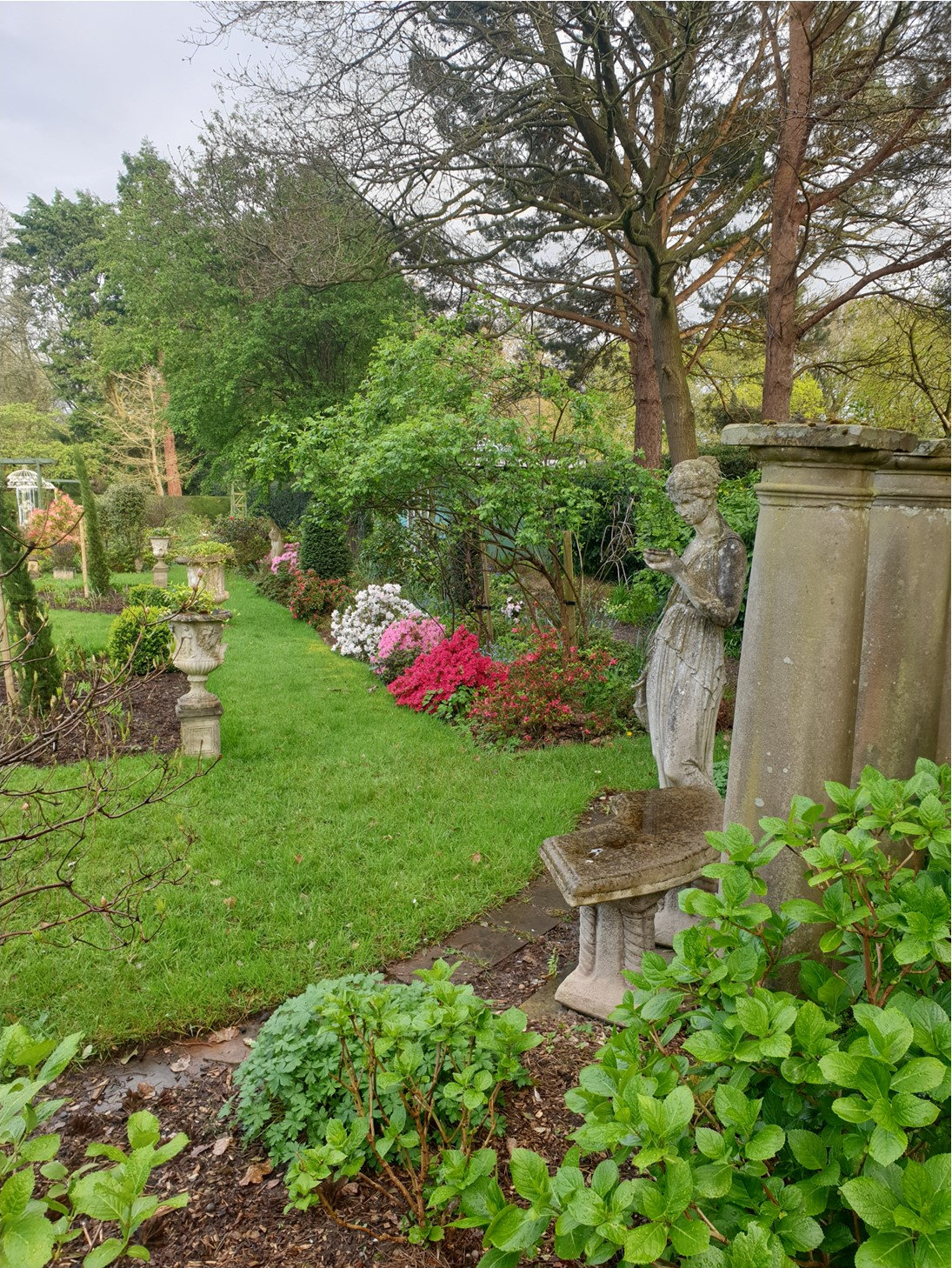Classical Garden Hebe with azaleas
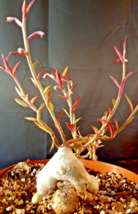 RARE Monadenium rubellum caudex  bonsai cactus seed 10 seeds - £7.13 GBP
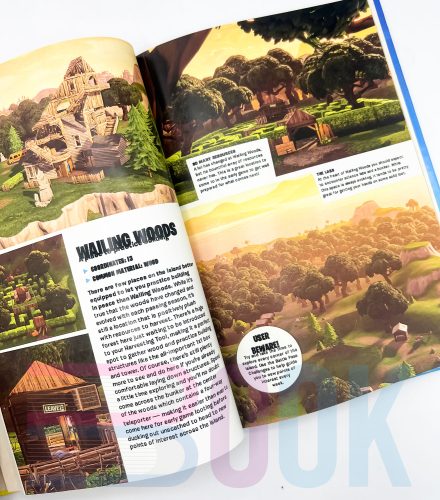 گاید بوک بازی فورتنایت FORTNITE Official: The Battle Royale Survival Guide - 5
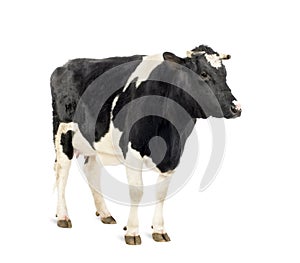 Una vaca de pie antes blanco 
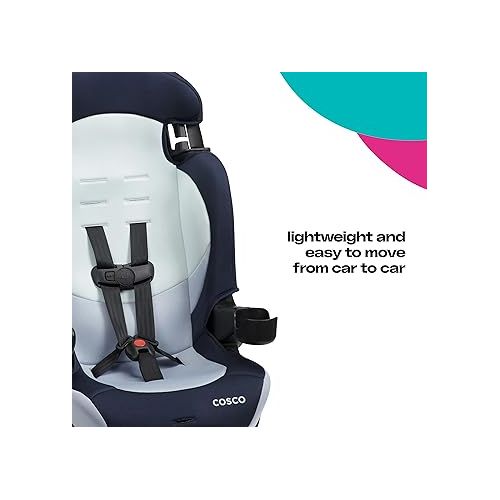  Cosco Finale DX 2-in-1 Booster Car Seat, Forward Facing 40-100 lbs, Rainbow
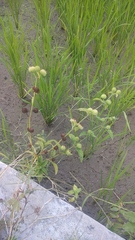 Hyptis capitata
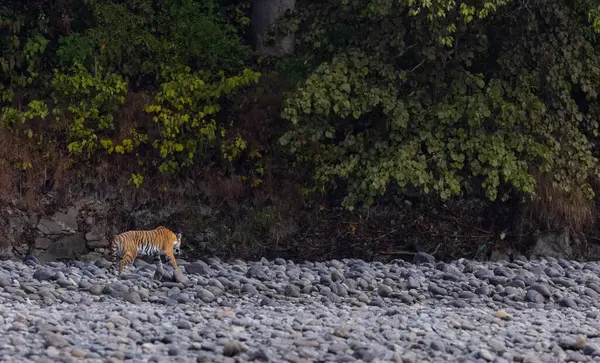 Ormanda taşlaşmış topraklarda çizgili kaplan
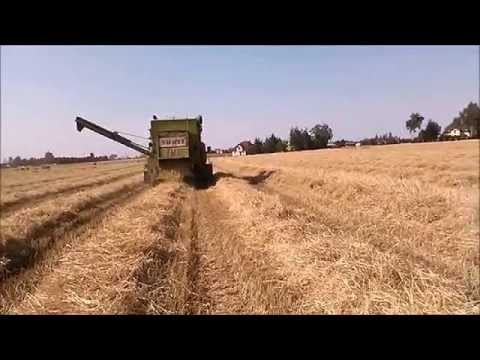 Żniwa z Claas Dominator 85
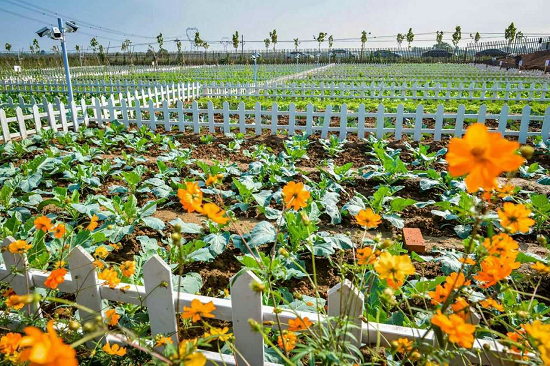 洛阳万安山舜耕智慧田园开园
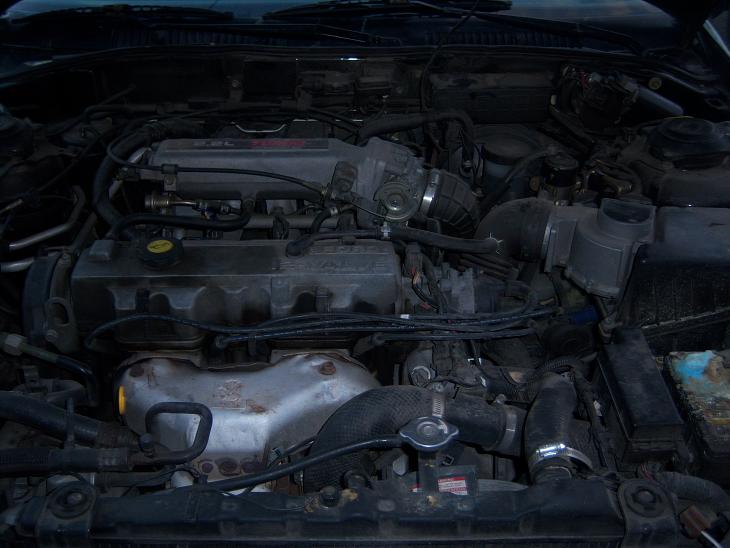 engine bay with hoses, wires, and engine components visible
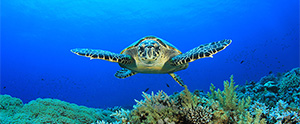 生物基礎・生物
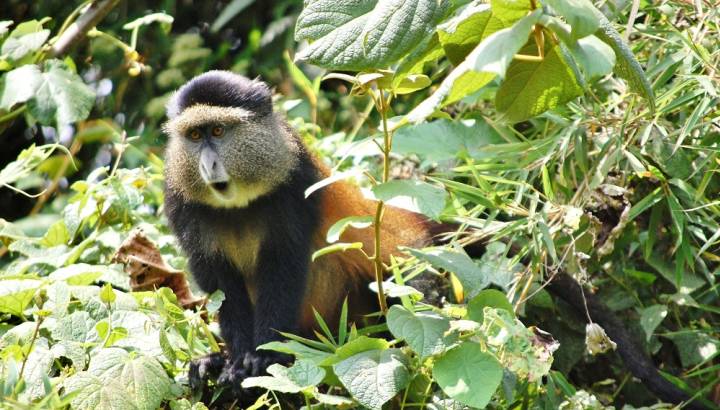 Enchanting Travels African safari parks to see - Golden Monkey, Volcanoes National Park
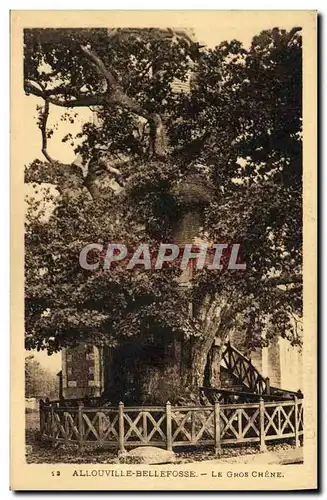 Cartes postales Allouville Bellefosse Le Gros Chene Arbre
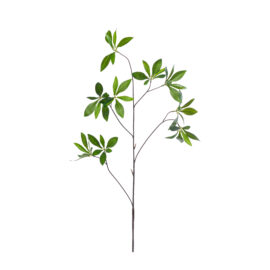 Branche de Pachira L 88cm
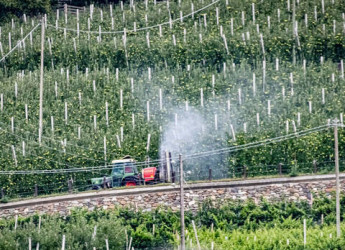 A processo per aver denunciato il massiccio uso di pesticidi: accade a Bolzano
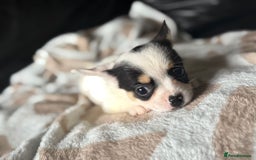 Mixed Breed dogs for sale: French poms *READY NOW 2 LEFT* - Image 3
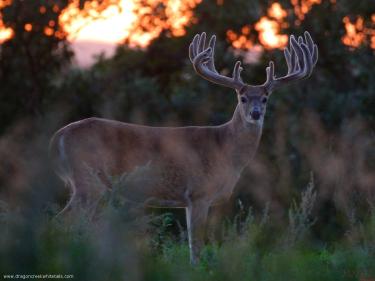 trophy whitetail positioned in front of a beautiful nd sunset photo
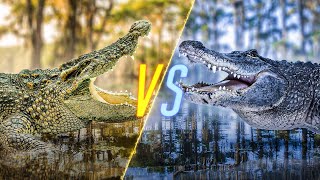 Crocodile VS Alligator [upl. by Pennington]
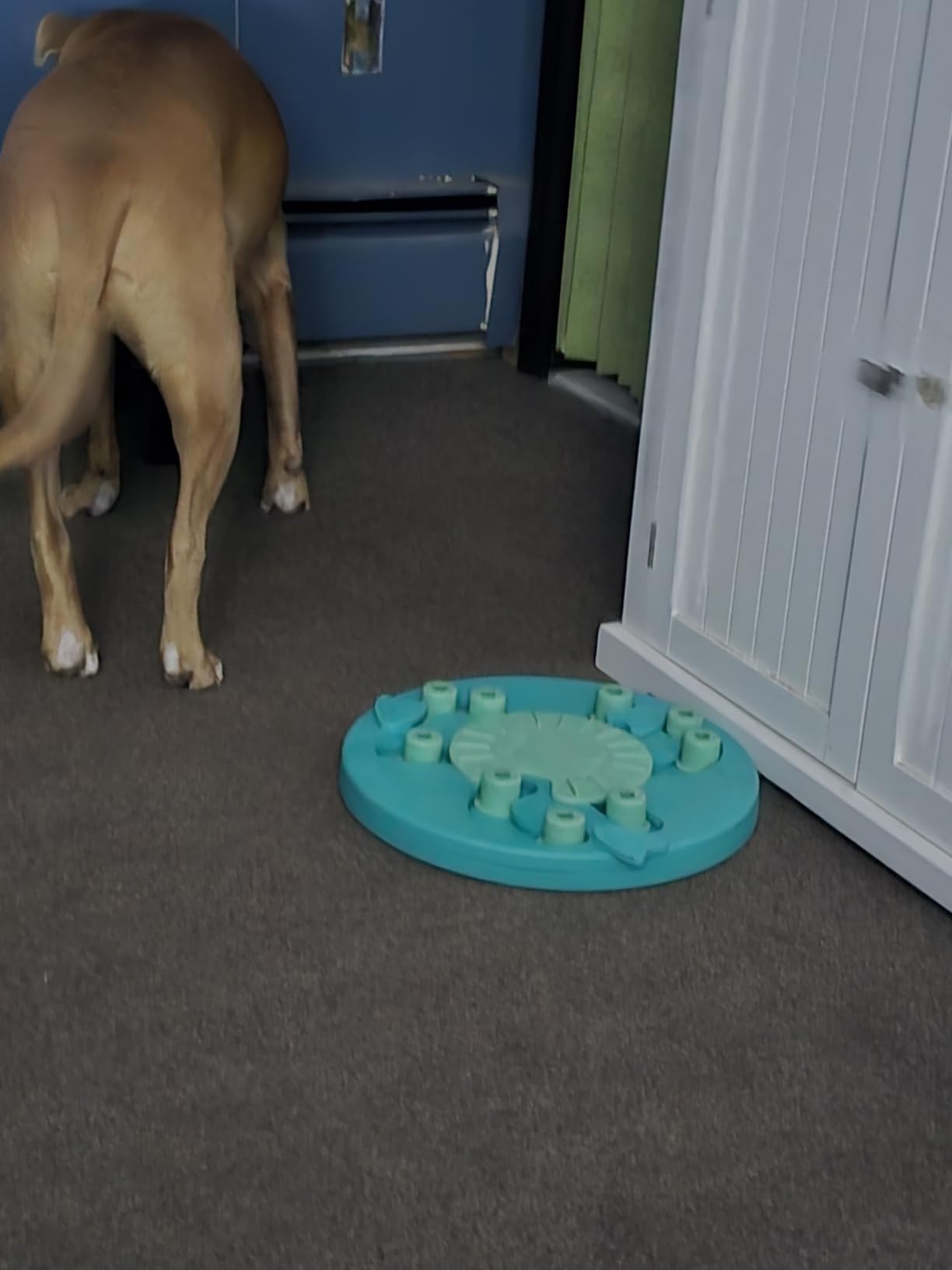 Outward Hound by Nina Ottosson Dog Tornado - Interactive Treat Puzzle Enrichment Toy, 3 Spinning Layers, Level 2 Intermediate customer photo 2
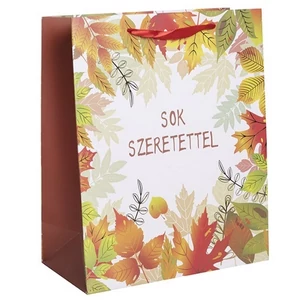Ajándéktasak 26x32cm ,faleveles Sok szeretettel feliratt 370288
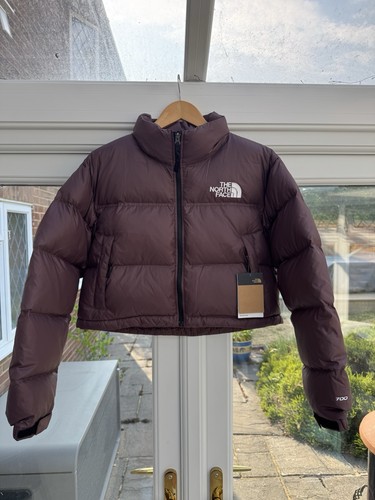 The north face nuptse - the, short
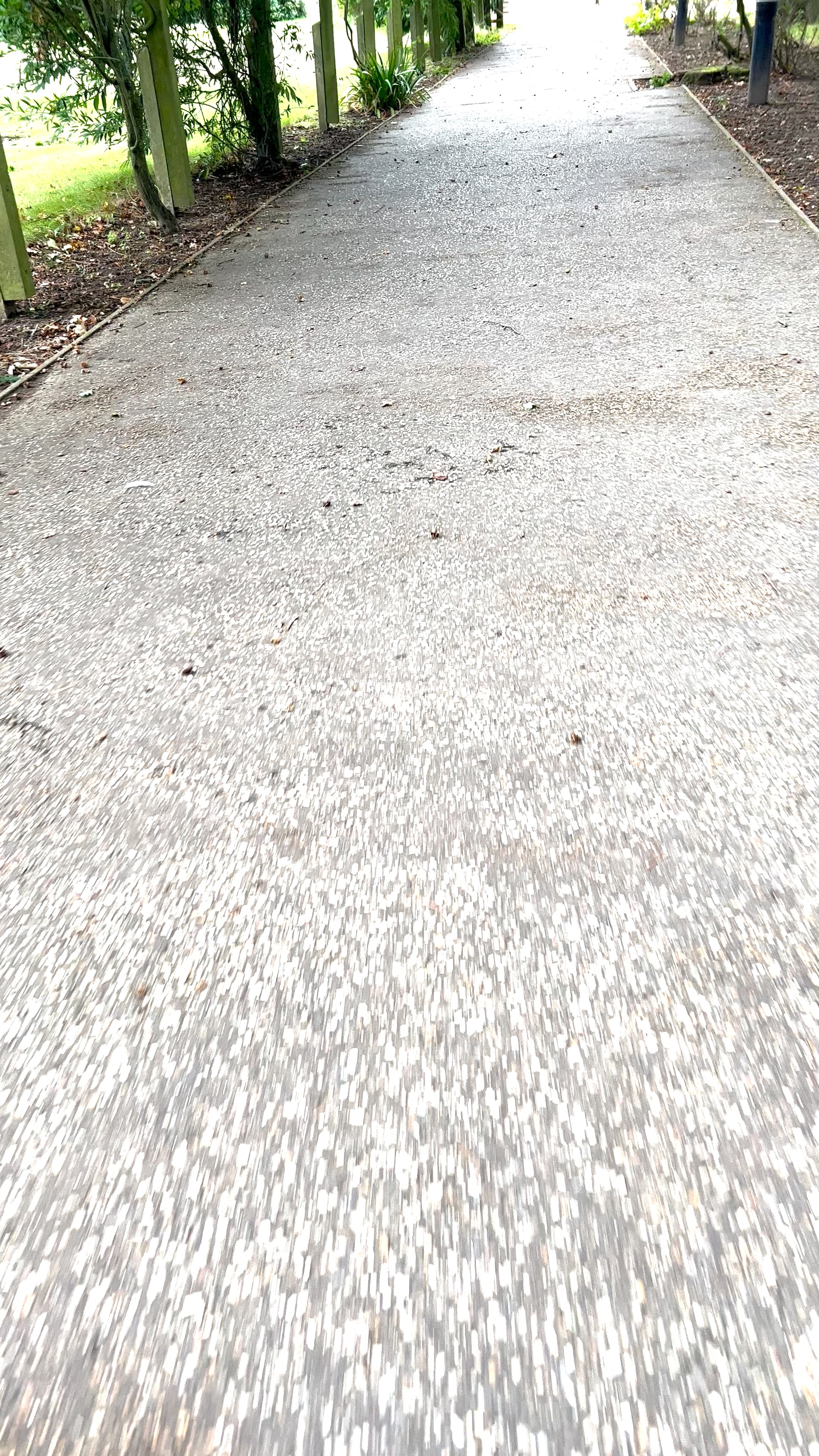 Borderless Aggregate Path Path segmentation - Roboflow Universe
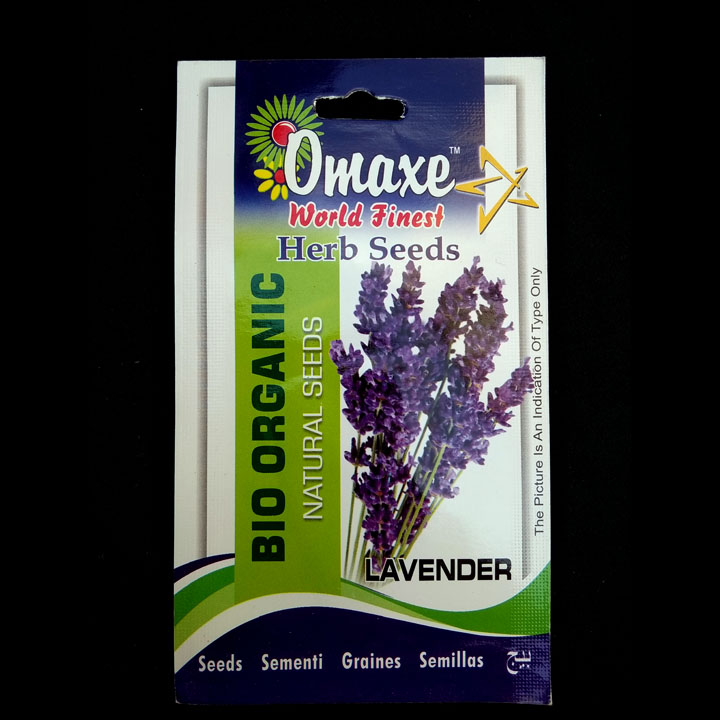Lavender – (50 seeds) – Omaxe - Indian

=-=-=-=-=

• **What to produce**:
Word for word, reproduce the material above and omit each image.

• **Exercise response**:
Classical Garden Hebe with azaleas
 RARE Monadenium rubellum caudex  bonsai cactus seed 10 seeds - £7.13 GBP
 گاید بوک بازی فورتنایت FORTNITE Official: The Battle Royale Survival Guide - 5
 Una vaca de pie antes blanco 
  Cosco Finale DX 2-in-1 Booster Car Seat, Forward Facing 40-100 lbs, Rainbow
 Hyptis capitata
 Ormanda taşlaşmış topraklarda çizgili kaplan
 Żniwa z Claas Dominator 85
 洛阳万安山舜耕智慧田园开园
 engine bay with hoses, wires, and engine components visible
 生物基礎・生物
 Enchanting Travels African safari parks to see - Golden Monkey, Volcanoes National Park
 Cartes postales Allouville Bellefosse Le Gros Chene Arbre
 Branche de Pachira L 88cm
 A processo per aver denunciato il massiccio uso di pesticidi: accade a Bolzano
 Mixed Breed dogs for sale: French poms *READY NOW 2 LEFT* - Image 3
 trophy whitetail positioned in front of a beautiful nd sunset photo
 Crocodile VS Alligator [upl. by Pennington]
 Outward Hound by Nina Ottosson Dog Tornado - Interactive Treat Puzzle Enrichment Toy, 3 Spinning Layers, Level 2 Intermediate customer photo 2
Ajándéktasak 26x32cm ,faleveles Sok szeretettel feliratt 370288
 The north face nuptse - the, short
 Borderless Aggregate Path Path segmentation - Roboflow Universe
Lavender – (50 seeds) – Omaxe - Indian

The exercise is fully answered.